* Exercise directions: From the listing below, give again exactly the lines from the line with "All in one travel adapter with 2USB 10" to the line with "Чашка з блюдцем", ends included, without any pictures.
[Opening Data section section]
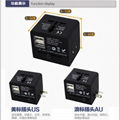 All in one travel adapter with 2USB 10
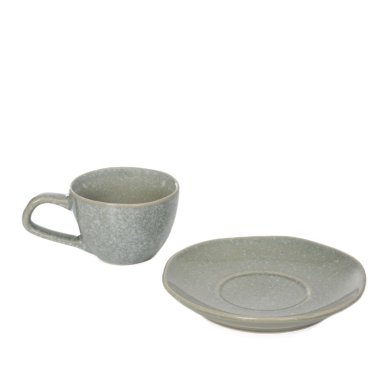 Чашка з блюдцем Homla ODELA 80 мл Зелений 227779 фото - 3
[Closing Data section section]
[Opening Data section section]
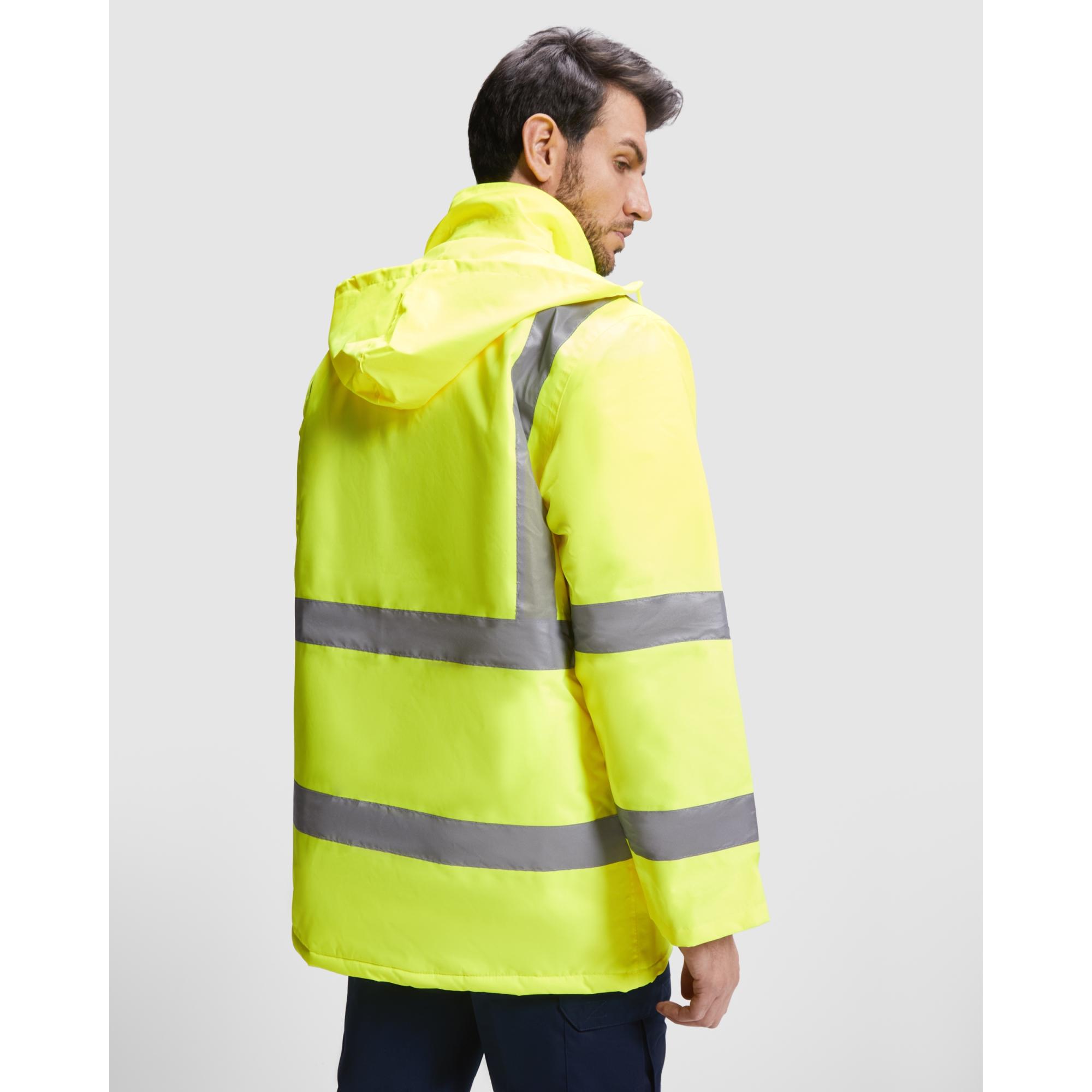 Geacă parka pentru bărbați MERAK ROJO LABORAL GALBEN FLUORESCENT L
[Closing Data section section]
* Response for this exercise:
 All in one travel adapter with 2USB 10
 Чашка з блюдцем Homla ODELA 80 мл Зелений 227779 фото - 3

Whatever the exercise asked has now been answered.